How To Retire At Any Age

You can retire in your 20s or in your 60s. It doesn’t really matter how old you are, you can absolutely retire in the next few months.

You’re probably thinking one of two things: either you are seduced by the “get rich quick” overtones and want a piece of the action, or you want to find out what kind of gimmick I’m selling, and then expose me for the scam artist that I truly am.

Well I’m sorry to disappoint you people looking for a scam, because this is real. It doesn’t matter if you are 20 or 65, you can retire if you can just follow two steps.

How To Retire At Any Age

  1. Retire at any ageGenerate a small amount of passive income every month
  2. Move to a country where you can live on that passive income

As some of you may know, I’m going to Costa Rica for over three weeks this summer. You may not know that the Purchasing Power Parity (PPP) of Costa Rica is about $10,732, which is less than 1/4th of PPP of the United States at $47,123. This means that you can buy about the same amount of stuff for $10k in Costa Rica as you can with $47k in the US. Think of PPP like median family income.

That means if I could generate $1,000 a month in passive income, I could live in Costa Rica without working and have enough money to live a reasonably comfortable life.

If Costa Rica doesn’t do it for you, Brazil, South Africa, and Venezuela are a few other countries where your money could go roughly four times as far as it goes in America.
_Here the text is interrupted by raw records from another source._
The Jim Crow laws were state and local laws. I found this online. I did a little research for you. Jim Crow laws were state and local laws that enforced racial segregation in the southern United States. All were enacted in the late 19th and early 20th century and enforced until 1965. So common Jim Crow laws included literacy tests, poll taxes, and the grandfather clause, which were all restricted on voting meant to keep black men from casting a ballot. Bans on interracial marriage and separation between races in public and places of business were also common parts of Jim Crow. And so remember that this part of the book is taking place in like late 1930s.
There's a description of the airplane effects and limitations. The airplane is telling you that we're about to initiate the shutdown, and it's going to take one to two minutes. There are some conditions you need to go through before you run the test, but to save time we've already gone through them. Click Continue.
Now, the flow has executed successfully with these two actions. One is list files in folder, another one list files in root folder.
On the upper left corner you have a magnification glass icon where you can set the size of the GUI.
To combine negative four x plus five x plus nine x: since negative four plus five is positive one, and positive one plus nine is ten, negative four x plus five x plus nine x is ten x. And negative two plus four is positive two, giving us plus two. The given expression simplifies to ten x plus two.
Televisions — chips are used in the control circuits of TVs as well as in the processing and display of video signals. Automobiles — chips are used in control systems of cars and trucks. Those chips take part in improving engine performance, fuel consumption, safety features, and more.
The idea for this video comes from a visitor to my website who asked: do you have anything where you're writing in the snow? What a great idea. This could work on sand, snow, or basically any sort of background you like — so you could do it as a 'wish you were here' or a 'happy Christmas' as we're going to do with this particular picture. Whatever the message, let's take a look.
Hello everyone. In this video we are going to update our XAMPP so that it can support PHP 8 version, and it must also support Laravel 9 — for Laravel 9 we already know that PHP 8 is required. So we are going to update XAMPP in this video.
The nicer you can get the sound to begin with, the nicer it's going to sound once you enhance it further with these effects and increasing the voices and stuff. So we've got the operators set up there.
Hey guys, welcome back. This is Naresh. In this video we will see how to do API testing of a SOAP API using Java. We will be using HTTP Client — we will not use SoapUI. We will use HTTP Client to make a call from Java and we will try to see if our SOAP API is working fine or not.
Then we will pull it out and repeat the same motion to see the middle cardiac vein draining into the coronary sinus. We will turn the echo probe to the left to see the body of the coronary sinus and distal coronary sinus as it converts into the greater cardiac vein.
Wikipedia gives you a convenient list of countries by PPP. Find a place you want to live (or at least spend some time), and then get to work on the two step process.

Step 1: Generate Passive Income

While it’s not easy to generate $1,000 a month in passive income, it’s not exceptionally difficult either. Lots of my readers have their own websites and make money on advertising. If what you’re making with your website is enough to pay for where you want to live, then you just have to maintain that website and you’re ready to retire. Maybe you have enough money to buy high dividend yielding stocks to give you the money you need. There are thousands of ways to create passive income; all you have to do is find one.

With that being said, people have written books, devoted blogs, and sold lots of crappy infomercial products about generating passive income. I’m not an expert on generating passive income, so if you want more information on how to execute this step, you can do a Google search and find more information on the topic from the experts.

Step 2: Move to Another Country

This, in my opinion, is probably just as difficult if not harder than step one. Moving to another country is not as easy as vacationing there. For example, in order to establish residency in Costa Rica as someone without social security or a pension, you have to deposit $150,000 into a Costa Rican bank. Once again, I’m not an expert on fulfilling requirements for moving to a different country, but if you know where you want to go then figure out what it will take.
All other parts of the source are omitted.